Collected data:

--- START ---

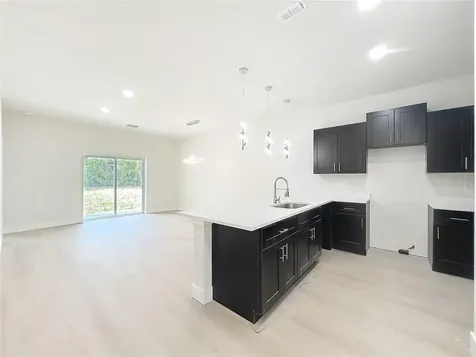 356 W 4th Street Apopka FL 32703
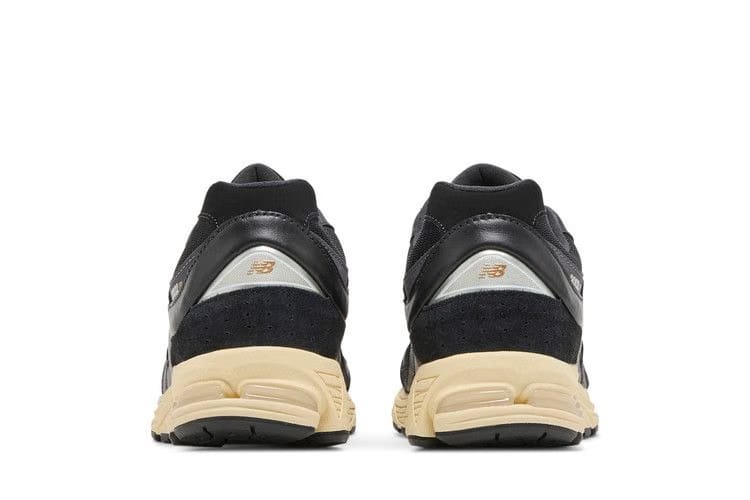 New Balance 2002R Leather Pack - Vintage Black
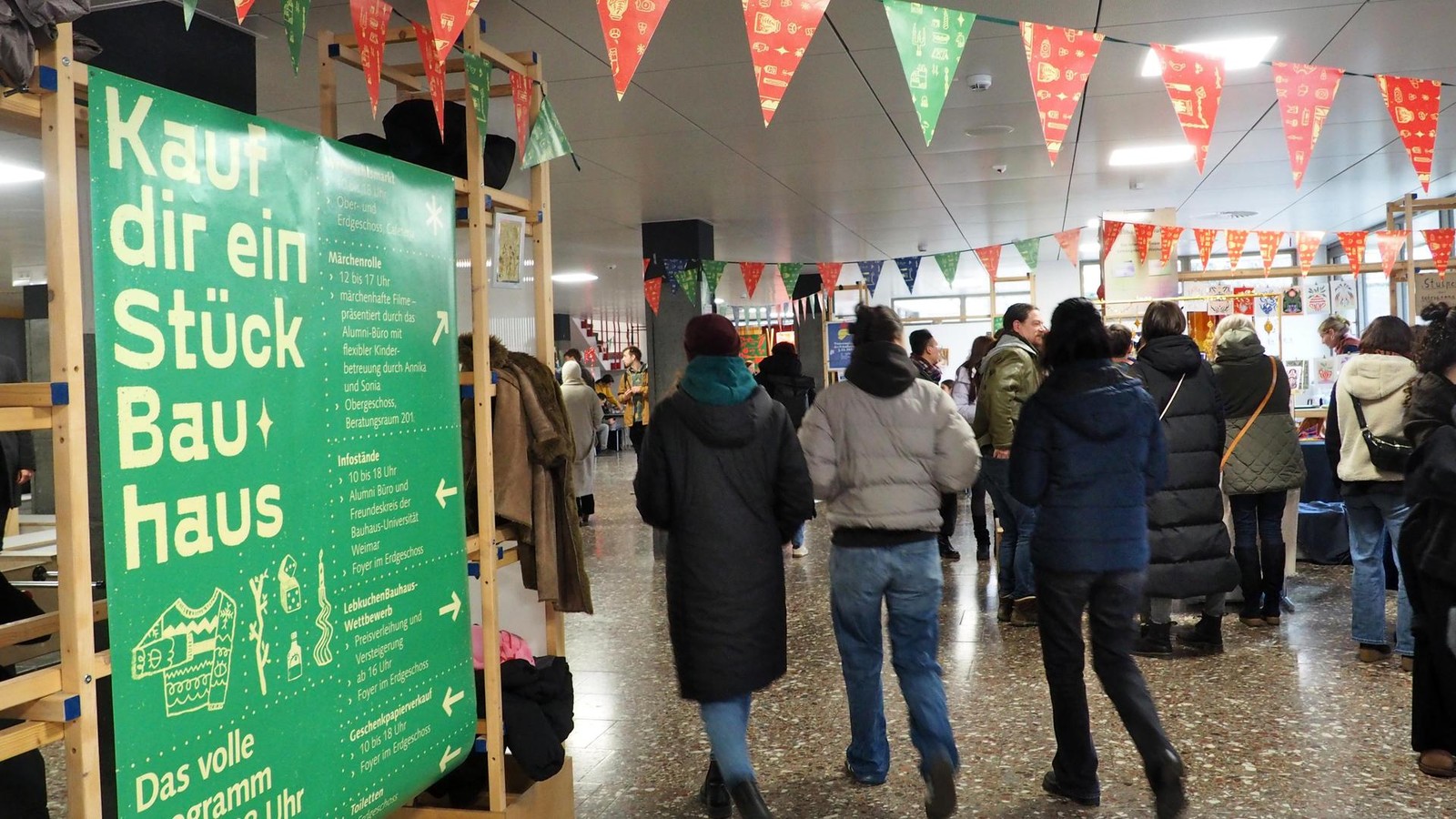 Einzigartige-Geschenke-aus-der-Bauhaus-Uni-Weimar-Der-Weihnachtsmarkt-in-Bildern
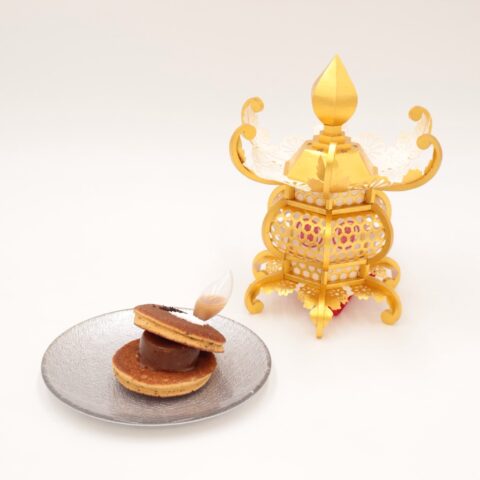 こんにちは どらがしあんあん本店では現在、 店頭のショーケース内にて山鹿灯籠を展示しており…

--- END ---

What needs to be done:
What belongs in the answer is each line above, reproduced exactly, and no picture.

Exercise solution:
 356 W 4th Street Apopka FL 32703
 New Balance 2002R Leather Pack - Vintage Black
 Einzigartige-Geschenke-aus-der-Bauhaus-Uni-Weimar-Der-Weihnachtsmarkt-in-Bildern
 こんにちは どらがしあんあん本店では現在、 店頭のショーケース内にて山鹿灯籠を展示しており…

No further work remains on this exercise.